After learning of his pancreatic cancer in 2015, Tek began his campaign to transform Yuz Museum into a nonprofit public museum run by a foundation in China. However, his lobbying efforts were ultimately rebuffed. Instead, Tek began seeking out other means of preserving his collection. In 2018, Yuz Museum announced plans for a joint foundation with the Los Angeles County Museum of Art (LACMA) to ensure the longevity of his collection and the museum. Later in 2019, Qatar Museums joined an exhibition partnership with Yuz Museum and LACMA, separate from the foundation, to share touring shows.
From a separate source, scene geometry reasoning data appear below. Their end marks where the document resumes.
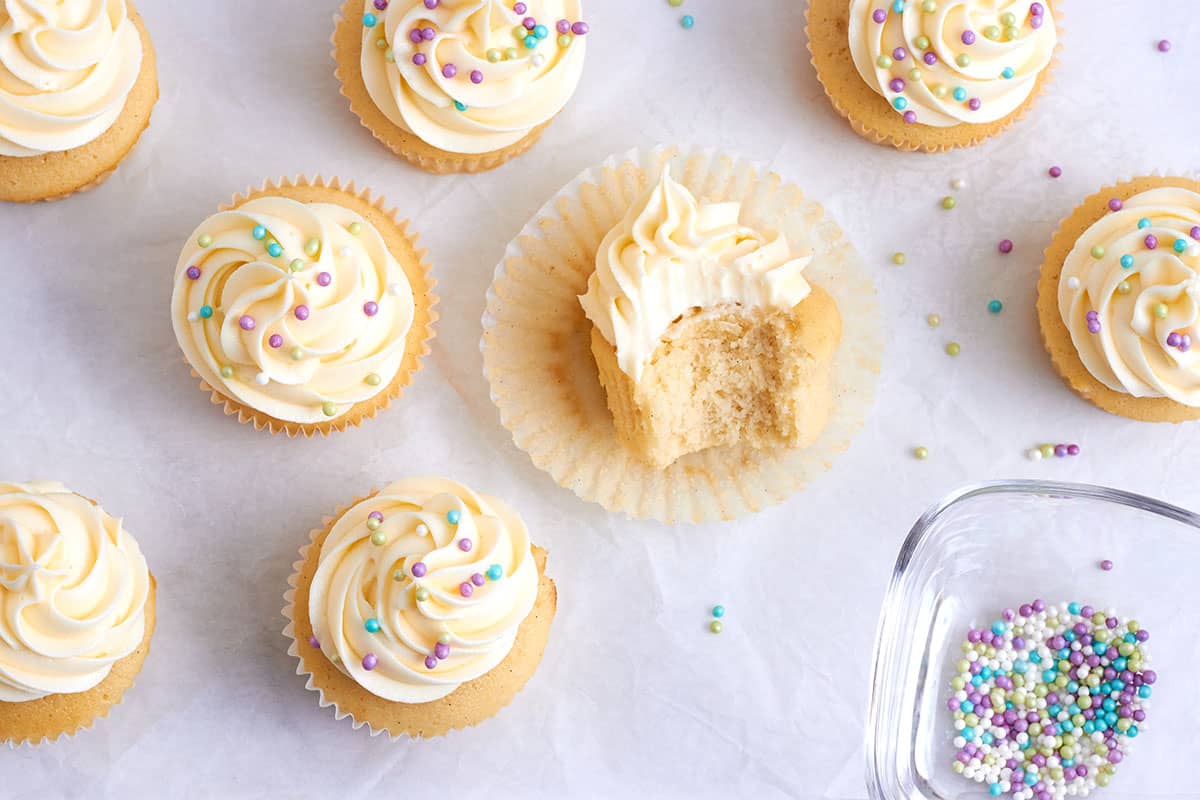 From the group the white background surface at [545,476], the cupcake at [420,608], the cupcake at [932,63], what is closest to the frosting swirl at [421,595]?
the cupcake at [420,608]

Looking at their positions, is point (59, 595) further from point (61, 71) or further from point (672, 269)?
point (672, 269)

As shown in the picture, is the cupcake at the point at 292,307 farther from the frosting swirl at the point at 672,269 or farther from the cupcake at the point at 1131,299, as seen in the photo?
the cupcake at the point at 1131,299

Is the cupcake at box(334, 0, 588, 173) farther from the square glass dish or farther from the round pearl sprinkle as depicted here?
the round pearl sprinkle

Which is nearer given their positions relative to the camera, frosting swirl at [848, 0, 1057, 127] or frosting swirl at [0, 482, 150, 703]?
frosting swirl at [0, 482, 150, 703]

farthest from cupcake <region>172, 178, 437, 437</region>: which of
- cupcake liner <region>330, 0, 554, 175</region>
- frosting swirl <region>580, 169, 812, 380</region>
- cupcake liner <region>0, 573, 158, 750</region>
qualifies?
cupcake liner <region>0, 573, 158, 750</region>

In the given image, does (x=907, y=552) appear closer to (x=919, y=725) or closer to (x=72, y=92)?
(x=919, y=725)

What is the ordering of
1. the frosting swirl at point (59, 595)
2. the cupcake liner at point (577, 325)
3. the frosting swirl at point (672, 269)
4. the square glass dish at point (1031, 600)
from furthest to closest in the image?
the cupcake liner at point (577, 325), the square glass dish at point (1031, 600), the frosting swirl at point (672, 269), the frosting swirl at point (59, 595)
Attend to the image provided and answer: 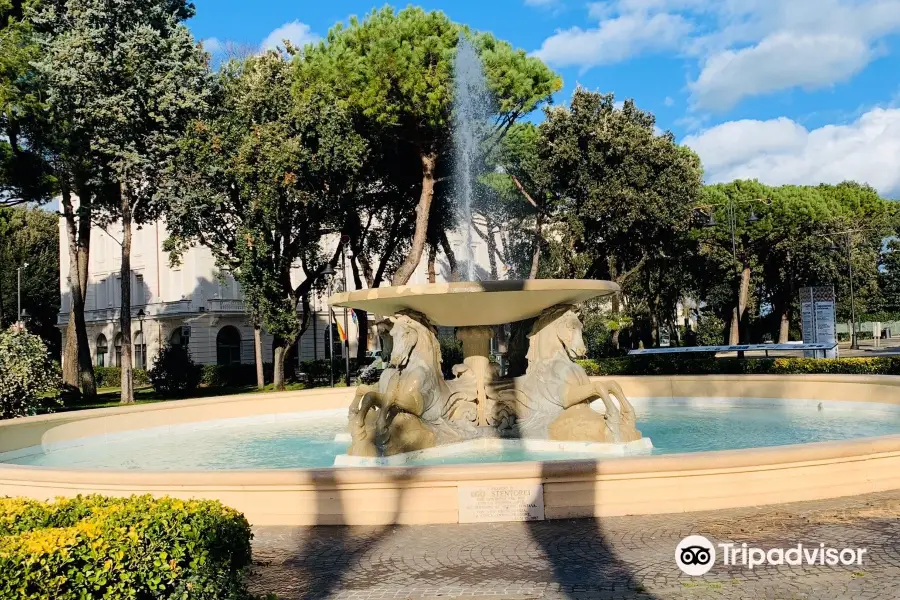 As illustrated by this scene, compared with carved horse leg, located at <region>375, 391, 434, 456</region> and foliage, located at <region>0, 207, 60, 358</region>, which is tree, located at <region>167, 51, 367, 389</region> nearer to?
carved horse leg, located at <region>375, 391, 434, 456</region>

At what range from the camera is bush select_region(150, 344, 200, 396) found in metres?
32.2

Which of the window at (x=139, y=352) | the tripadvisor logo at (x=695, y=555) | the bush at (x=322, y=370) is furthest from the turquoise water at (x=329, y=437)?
the window at (x=139, y=352)

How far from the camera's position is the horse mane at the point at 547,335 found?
11156 millimetres

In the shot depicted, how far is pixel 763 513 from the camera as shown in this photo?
6.63 metres

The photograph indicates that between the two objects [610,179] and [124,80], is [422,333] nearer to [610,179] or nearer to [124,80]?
[124,80]

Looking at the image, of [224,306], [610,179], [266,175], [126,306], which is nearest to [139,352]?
[224,306]

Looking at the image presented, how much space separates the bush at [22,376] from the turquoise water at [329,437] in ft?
11.1

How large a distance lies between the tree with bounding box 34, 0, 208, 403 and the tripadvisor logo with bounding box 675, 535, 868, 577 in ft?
76.3

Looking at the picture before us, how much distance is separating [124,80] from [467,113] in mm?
11100

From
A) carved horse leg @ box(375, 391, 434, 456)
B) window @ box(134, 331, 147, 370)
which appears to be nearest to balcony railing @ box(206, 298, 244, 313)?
window @ box(134, 331, 147, 370)

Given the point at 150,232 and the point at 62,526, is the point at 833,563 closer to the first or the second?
the point at 62,526

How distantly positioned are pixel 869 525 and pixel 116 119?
2414 cm

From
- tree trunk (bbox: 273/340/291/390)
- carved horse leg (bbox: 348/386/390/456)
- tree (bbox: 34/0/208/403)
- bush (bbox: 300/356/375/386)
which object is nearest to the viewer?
carved horse leg (bbox: 348/386/390/456)

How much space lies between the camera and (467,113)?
2755 centimetres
Recently, on March 7, LACMA announced that Tek had donated seven of the artworks in LACMA’s exhibition “Legacies of Exchange: Chinese Contemporary Art from the Yuz Foundation,” including paintings by Zhou Tiehai and Yu Youhan, a Qiu Anxiong installation, and Ai Weiwei’s Circle of Animals/Zodiac Heads (2011), to the American museum. Inspired by his Christian beliefs, Tek told an interviewer in 2013 that he hoped the Yuz Museum would “help foster [an] interest in the arts and take them to a higher form of living.”

Tek also established the charity Art Creates Cures, a partnership aiding research into pancreatic cancer, with Sotheby’s, John Hopkins University, and many art patrons. Tek was named an Officer of the Legion of Honor of France in 2017 and was an Asia-Pacific member and collector member at Tate Britain.